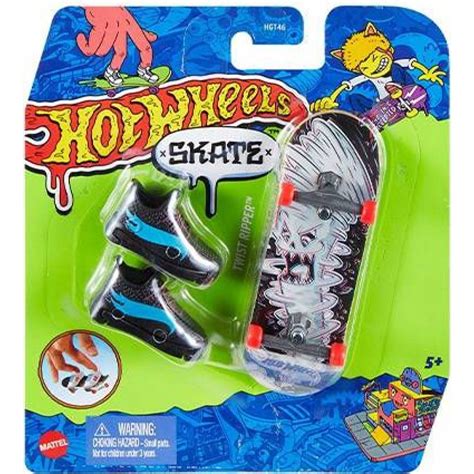 Mattel Hot Wheels Fingerboard A Boty Cm Twist Ripper Max Kovy Hra Ky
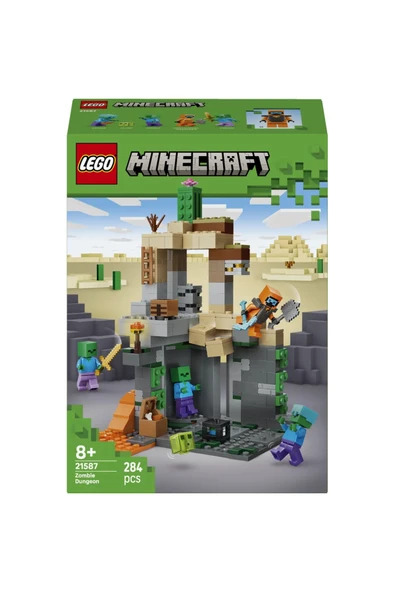 LEGO Minecraft Zombi Zindanı 21587 - Resim 3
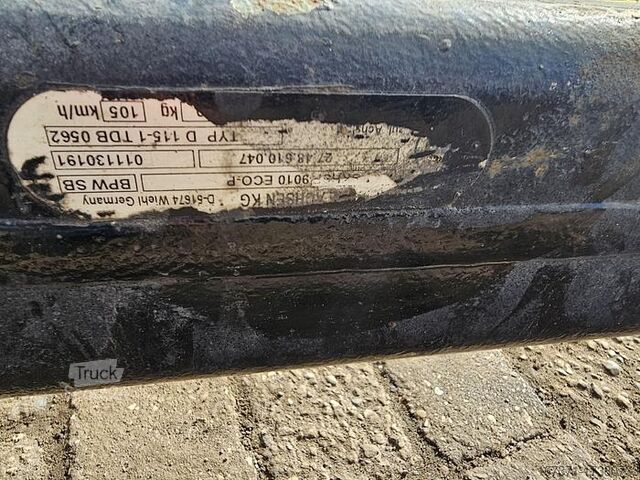 Achse BPW SKHSF 9010 ECO-P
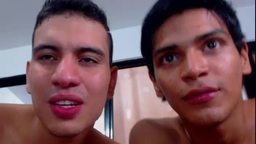 Sexy Milton & Antonio Mendez Private Show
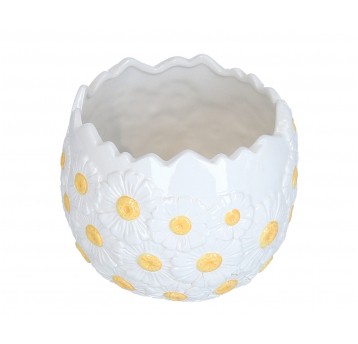 Doniczka ozdobna do kompozycji śr 14cm/12cm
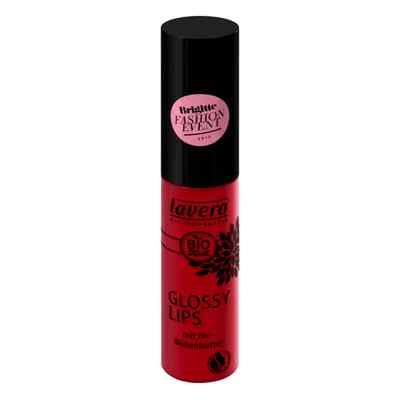 Lavera Glossy Lips 03 magic red 6.5 ml von LAVERANA GMBH & Co. KG PZN 10211815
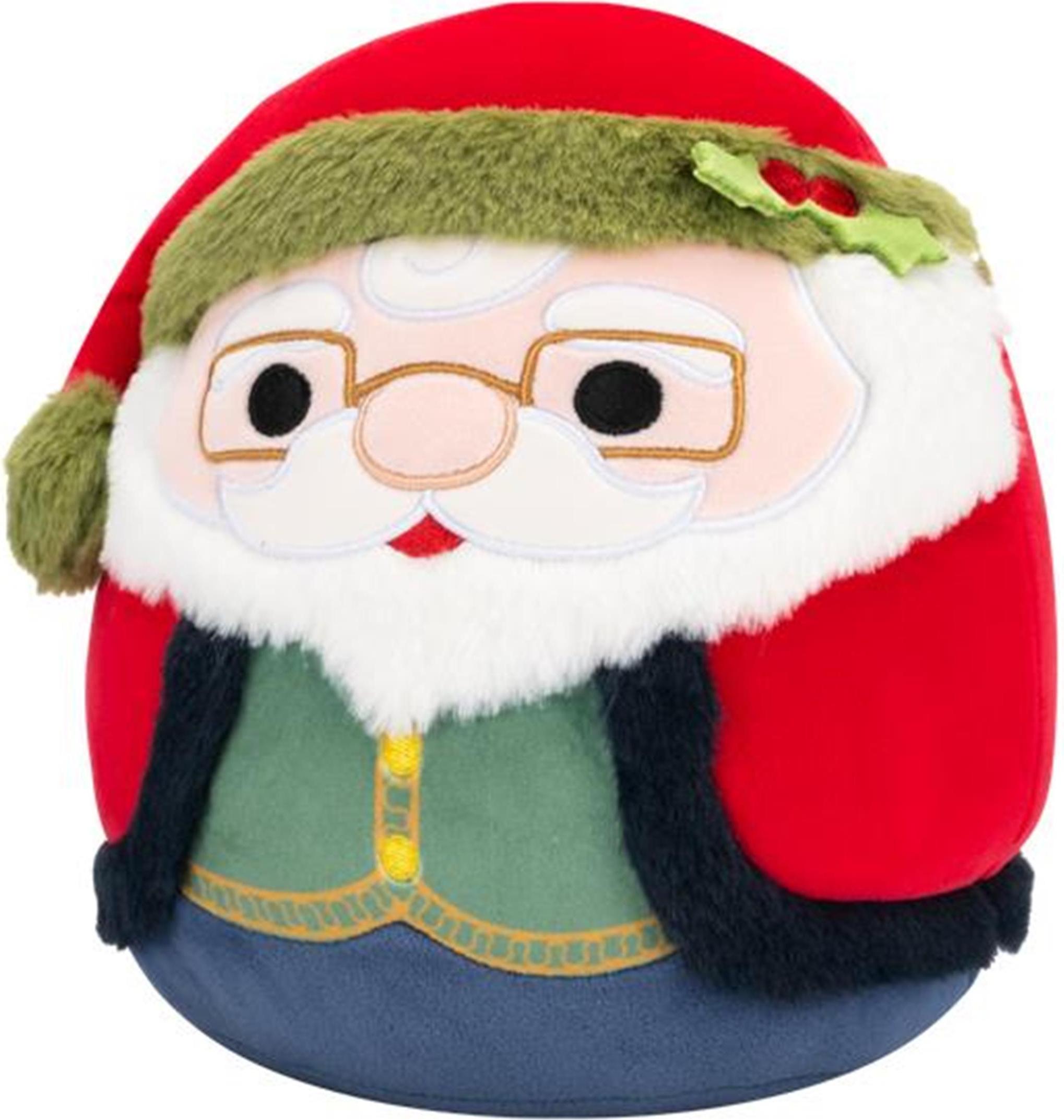 Squishmallows Starý santa Nick
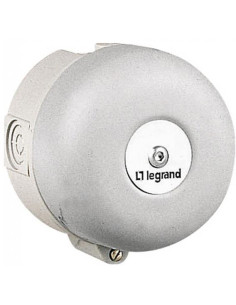 Legrand Индустриален звънец Ф100мм 95dB 230V - 041349 - Цена | LEDs4economy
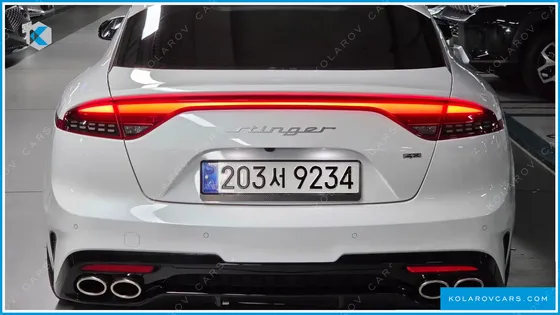 KIA STINGER 2.5 AWD MASTERS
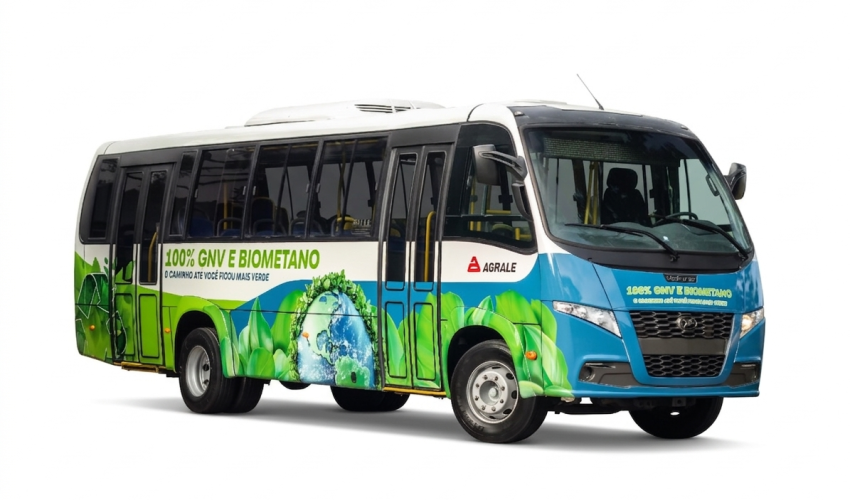 Agrale celebra a marca de 80 mil chassis fornecidos para o micro-ônibus Volare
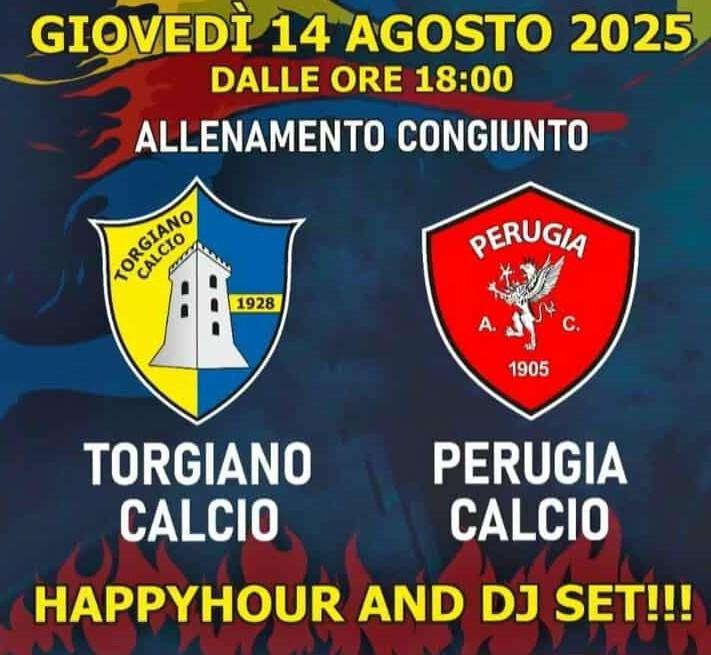 Oggi alle 18 il Perugia in campo in amichevole a Torgiano contro la squadra dell'ex Simone Rubeca
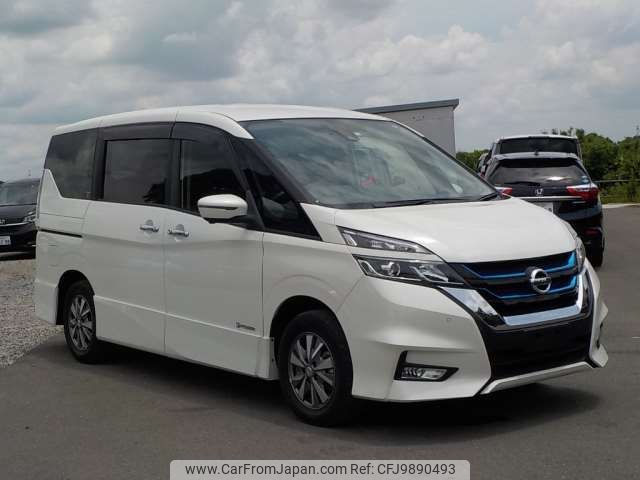 nissan serena 2019 -NISSAN--Serena DAA-HFC27--HFC27-033667---NISSAN--Serena DAA-HFC27--HFC27-033667- image 1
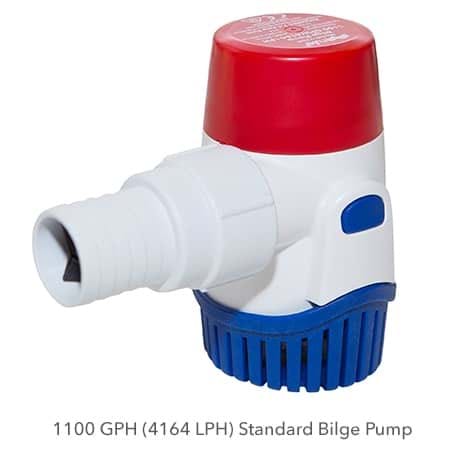 Pump - Rule 1100GPH 12v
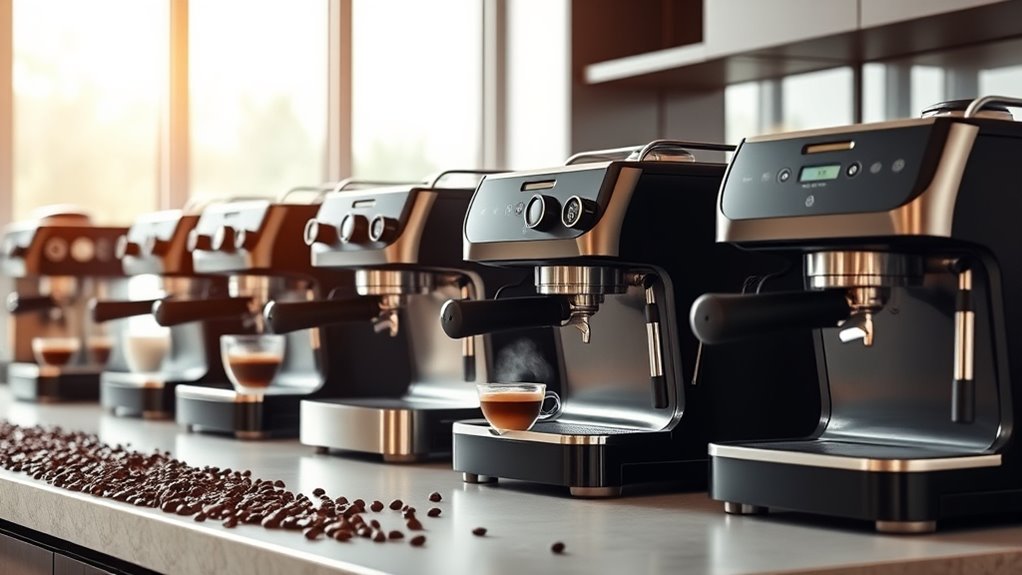 top espresso machine picks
•••
### What to do:
Starting at the line that contains "Oggi alle 18", retype each line through the end of the data exactly, and leave out every picture.

### Output for this exercise:
 Oggi alle 18 il Perugia in campo in amichevole a Torgiano contro la squadra dell'ex Simone Rubeca
 nissan serena 2019 -NISSAN--Serena DAA-HFC27--HFC27-033667---NISSAN--Serena DAA-HFC27--HFC27-033667- image 1
 Pump - Rule 1100GPH 12v
 top espresso machine picks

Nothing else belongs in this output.